> [Exercise directions]: Transcribe the data below verbatim from the line with "HOMCOM Illuminated Bathroom" to the line with "SHEIN MOD Allover". Include both of those lines.

> [Extracted entries]:

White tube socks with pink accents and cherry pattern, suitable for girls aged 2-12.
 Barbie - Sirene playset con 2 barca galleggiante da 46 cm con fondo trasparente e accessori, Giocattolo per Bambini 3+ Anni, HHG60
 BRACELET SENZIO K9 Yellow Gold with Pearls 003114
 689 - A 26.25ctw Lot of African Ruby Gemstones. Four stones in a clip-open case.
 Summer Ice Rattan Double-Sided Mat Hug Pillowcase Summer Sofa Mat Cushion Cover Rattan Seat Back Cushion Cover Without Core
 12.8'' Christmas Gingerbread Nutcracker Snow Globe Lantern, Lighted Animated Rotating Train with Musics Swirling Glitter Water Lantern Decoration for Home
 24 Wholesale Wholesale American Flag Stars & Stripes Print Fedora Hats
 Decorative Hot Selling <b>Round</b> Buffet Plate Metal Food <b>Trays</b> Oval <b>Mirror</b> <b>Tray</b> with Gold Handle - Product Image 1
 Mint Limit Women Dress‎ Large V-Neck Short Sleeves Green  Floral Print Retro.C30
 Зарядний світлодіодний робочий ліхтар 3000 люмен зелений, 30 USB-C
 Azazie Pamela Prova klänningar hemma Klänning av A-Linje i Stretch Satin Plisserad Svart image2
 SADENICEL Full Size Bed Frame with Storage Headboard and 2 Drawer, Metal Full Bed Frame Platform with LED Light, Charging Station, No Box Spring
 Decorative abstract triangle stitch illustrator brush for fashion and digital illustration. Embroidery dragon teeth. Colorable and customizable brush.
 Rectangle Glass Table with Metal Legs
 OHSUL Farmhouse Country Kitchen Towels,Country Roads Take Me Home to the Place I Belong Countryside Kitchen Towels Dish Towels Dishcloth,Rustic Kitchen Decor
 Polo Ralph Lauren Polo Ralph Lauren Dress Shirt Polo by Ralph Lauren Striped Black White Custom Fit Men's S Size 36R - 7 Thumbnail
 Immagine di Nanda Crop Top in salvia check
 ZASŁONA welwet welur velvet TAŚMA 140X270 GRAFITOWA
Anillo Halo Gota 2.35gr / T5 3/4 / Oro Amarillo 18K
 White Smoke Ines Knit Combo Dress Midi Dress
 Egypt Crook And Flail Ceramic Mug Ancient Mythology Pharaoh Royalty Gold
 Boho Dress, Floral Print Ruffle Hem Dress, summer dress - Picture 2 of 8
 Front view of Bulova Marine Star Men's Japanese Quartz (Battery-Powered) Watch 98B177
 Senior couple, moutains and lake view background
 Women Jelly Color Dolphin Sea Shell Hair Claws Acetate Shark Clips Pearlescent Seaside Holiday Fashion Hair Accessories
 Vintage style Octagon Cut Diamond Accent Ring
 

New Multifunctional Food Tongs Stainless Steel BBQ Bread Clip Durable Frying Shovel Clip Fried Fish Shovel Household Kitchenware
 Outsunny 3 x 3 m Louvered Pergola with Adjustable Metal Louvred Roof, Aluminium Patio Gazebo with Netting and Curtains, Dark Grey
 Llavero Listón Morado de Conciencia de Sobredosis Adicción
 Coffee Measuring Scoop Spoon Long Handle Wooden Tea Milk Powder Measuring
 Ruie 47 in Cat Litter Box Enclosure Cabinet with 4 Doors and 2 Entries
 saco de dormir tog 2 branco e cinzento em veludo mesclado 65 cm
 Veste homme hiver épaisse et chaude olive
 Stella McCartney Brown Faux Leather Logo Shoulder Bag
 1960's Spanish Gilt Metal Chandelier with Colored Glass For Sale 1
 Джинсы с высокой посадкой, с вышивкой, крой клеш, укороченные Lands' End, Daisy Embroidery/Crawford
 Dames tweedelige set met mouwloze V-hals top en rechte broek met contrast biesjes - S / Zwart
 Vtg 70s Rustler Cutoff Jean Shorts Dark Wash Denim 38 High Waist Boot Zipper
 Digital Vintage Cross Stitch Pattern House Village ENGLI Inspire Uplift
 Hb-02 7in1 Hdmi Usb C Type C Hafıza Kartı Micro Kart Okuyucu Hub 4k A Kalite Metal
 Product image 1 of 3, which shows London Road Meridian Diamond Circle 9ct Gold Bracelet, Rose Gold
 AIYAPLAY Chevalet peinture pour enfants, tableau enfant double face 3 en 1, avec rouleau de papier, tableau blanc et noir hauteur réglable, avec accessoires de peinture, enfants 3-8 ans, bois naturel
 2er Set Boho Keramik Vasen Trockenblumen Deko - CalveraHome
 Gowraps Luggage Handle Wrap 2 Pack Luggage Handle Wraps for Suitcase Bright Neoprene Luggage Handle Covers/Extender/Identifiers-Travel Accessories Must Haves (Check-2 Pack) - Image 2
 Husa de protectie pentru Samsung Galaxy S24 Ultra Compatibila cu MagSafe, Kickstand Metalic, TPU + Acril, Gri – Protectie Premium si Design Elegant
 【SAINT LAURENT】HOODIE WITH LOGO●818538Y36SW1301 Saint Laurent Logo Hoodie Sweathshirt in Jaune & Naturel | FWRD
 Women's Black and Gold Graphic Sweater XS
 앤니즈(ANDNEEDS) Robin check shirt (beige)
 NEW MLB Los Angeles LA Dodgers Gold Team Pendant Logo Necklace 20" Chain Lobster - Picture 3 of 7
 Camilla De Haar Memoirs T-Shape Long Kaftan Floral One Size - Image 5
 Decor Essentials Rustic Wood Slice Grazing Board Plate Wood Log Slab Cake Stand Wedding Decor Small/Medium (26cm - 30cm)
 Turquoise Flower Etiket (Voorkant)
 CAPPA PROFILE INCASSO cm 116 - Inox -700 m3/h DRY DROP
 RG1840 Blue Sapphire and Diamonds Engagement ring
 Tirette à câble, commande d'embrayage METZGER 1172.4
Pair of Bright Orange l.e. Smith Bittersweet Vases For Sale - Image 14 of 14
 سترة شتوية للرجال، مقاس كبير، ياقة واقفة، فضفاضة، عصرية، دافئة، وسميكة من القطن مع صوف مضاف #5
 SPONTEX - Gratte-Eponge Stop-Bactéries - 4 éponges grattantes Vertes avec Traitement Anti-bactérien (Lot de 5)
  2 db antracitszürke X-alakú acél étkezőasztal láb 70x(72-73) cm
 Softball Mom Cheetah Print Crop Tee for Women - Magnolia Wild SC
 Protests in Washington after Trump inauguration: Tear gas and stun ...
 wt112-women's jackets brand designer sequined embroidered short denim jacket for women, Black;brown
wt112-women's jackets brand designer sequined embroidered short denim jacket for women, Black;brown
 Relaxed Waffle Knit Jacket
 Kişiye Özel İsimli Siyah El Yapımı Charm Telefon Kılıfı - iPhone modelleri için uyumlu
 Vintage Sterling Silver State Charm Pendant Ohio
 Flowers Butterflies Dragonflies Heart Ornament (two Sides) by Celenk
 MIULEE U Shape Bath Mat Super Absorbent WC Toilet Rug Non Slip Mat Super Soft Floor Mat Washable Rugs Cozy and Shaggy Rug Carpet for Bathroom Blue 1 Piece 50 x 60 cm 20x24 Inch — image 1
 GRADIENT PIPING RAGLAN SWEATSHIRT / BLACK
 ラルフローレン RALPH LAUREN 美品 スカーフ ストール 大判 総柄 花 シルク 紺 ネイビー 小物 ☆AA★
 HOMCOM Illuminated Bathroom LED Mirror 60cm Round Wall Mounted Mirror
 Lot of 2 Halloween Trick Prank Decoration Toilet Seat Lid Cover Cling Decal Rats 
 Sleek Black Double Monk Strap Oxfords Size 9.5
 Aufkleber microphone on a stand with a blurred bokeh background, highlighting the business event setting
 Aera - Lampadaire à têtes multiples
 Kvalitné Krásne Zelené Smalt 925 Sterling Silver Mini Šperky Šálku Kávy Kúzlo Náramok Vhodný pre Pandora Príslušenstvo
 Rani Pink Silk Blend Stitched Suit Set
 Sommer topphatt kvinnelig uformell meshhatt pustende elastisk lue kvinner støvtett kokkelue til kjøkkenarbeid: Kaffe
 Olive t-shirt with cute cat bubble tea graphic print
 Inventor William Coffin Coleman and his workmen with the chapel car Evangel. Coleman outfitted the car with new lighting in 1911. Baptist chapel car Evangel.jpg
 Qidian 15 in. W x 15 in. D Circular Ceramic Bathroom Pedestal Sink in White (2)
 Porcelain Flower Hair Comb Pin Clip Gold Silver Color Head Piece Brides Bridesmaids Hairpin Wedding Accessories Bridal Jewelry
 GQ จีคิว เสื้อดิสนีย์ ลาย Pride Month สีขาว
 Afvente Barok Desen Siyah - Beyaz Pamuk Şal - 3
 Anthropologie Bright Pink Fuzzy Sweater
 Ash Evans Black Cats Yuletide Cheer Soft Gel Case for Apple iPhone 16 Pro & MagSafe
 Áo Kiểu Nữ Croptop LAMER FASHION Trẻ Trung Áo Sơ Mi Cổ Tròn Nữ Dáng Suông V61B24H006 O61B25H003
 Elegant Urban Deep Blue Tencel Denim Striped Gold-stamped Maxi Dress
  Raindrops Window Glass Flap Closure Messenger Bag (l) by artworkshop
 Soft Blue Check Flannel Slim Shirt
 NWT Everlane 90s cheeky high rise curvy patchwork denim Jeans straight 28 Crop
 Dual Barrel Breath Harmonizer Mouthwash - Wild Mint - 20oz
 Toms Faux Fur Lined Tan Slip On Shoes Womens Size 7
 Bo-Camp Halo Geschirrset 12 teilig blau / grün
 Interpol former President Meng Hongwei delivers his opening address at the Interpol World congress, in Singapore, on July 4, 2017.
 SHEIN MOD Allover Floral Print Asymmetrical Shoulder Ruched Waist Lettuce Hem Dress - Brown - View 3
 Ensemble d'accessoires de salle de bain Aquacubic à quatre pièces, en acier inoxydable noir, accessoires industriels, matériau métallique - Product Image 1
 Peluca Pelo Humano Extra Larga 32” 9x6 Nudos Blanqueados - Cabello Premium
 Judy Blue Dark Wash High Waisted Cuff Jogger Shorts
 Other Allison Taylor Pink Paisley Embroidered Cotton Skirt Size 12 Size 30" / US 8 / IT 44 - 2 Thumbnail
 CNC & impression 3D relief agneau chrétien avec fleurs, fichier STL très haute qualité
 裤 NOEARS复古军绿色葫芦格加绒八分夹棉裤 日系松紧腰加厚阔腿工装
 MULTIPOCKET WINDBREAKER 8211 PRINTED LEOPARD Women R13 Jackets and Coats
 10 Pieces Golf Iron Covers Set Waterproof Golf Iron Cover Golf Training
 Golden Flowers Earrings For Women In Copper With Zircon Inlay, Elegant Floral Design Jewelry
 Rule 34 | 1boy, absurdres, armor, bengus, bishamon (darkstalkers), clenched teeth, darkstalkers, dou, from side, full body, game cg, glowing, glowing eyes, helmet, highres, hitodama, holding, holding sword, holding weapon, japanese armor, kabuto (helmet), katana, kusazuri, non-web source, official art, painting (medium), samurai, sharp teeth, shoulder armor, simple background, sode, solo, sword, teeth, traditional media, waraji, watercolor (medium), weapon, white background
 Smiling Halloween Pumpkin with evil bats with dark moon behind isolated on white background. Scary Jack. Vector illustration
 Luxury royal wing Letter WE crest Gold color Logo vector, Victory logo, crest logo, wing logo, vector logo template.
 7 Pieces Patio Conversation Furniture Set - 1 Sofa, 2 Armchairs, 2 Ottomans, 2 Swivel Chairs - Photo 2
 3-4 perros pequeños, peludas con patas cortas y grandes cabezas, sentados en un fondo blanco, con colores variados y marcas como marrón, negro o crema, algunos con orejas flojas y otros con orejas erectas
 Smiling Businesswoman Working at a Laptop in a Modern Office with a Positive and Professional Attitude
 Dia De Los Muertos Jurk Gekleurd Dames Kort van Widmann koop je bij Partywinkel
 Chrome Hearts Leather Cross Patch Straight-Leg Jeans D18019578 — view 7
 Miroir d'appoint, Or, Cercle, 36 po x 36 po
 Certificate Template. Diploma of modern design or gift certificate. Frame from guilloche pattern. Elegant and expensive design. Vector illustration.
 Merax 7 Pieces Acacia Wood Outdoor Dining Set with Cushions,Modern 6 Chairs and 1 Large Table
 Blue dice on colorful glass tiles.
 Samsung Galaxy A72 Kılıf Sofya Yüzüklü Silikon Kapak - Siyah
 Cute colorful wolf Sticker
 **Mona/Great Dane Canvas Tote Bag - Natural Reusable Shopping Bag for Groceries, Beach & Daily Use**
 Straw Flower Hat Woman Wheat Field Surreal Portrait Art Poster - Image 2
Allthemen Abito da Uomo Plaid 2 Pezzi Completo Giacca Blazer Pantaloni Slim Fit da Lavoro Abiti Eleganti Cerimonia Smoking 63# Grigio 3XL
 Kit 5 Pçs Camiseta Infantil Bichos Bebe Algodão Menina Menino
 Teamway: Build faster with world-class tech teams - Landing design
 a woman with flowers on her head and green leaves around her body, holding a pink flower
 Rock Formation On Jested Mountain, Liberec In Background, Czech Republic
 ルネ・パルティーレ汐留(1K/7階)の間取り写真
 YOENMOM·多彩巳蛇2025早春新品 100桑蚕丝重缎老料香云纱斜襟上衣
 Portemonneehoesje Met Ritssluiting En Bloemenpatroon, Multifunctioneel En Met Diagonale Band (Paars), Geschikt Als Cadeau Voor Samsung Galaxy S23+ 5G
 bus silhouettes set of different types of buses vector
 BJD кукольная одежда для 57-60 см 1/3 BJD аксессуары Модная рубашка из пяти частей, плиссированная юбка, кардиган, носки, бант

> [Exercise solution]:
 HOMCOM Illuminated Bathroom LED Mirror 60cm Round Wall Mounted Mirror
 Lot of 2 Halloween Trick Prank Decoration Toilet Seat Lid Cover Cling Decal Rats 
 Sleek Black Double Monk Strap Oxfords Size 9.5
 Aufkleber microphone on a stand with a blurred bokeh background, highlighting the business event setting
 Aera - Lampadaire à têtes multiples
 Kvalitné Krásne Zelené Smalt 925 Sterling Silver Mini Šperky Šálku Kávy Kúzlo Náramok Vhodný pre Pandora Príslušenstvo
 Rani Pink Silk Blend Stitched Suit Set
 Sommer topphatt kvinnelig uformell meshhatt pustende elastisk lue kvinner støvtett kokkelue til kjøkkenarbeid: Kaffe
 Olive t-shirt with cute cat bubble tea graphic print
 Inventor William Coffin Coleman and his workmen with the chapel car Evangel. Coleman outfitted the car with new lighting in 1911. Baptist chapel car Evangel.jpg
 Qidian 15 in. W x 15 in. D Circular Ceramic Bathroom Pedestal Sink in White (2)
 Porcelain Flower Hair Comb Pin Clip Gold Silver Color Head Piece Brides Bridesmaids Hairpin Wedding Accessories Bridal Jewelry
 GQ จีคิว เสื้อดิสนีย์ ลาย Pride Month สีขาว
 Afvente Barok Desen Siyah - Beyaz Pamuk Şal - 3
 Anthropologie Bright Pink Fuzzy Sweater
 Ash Evans Black Cats Yuletide Cheer Soft Gel Case for Apple iPhone 16 Pro & MagSafe
 Áo Kiểu Nữ Croptop LAMER FASHION Trẻ Trung Áo Sơ Mi Cổ Tròn Nữ Dáng Suông V61B24H006 O61B25H003
 Elegant Urban Deep Blue Tencel Denim Striped Gold-stamped Maxi Dress
  Raindrops Window Glass Flap Closure Messenger Bag (l) by artworkshop
 Soft Blue Check Flannel Slim Shirt
 NWT Everlane 90s cheeky high rise curvy patchwork denim Jeans straight 28 Crop
 Dual Barrel Breath Harmonizer Mouthwash - Wild Mint - 20oz
 Toms Faux Fur Lined Tan Slip On Shoes Womens Size 7
 Bo-Camp Halo Geschirrset 12 teilig blau / grün
 Interpol former President Meng Hongwei delivers his opening address at the Interpol World congress, in Singapore, on July 4, 2017.
 SHEIN MOD Allover Floral Print Asymmetrical Shoulder Ruched Waist Lettuce Hem Dress - Brown - View 3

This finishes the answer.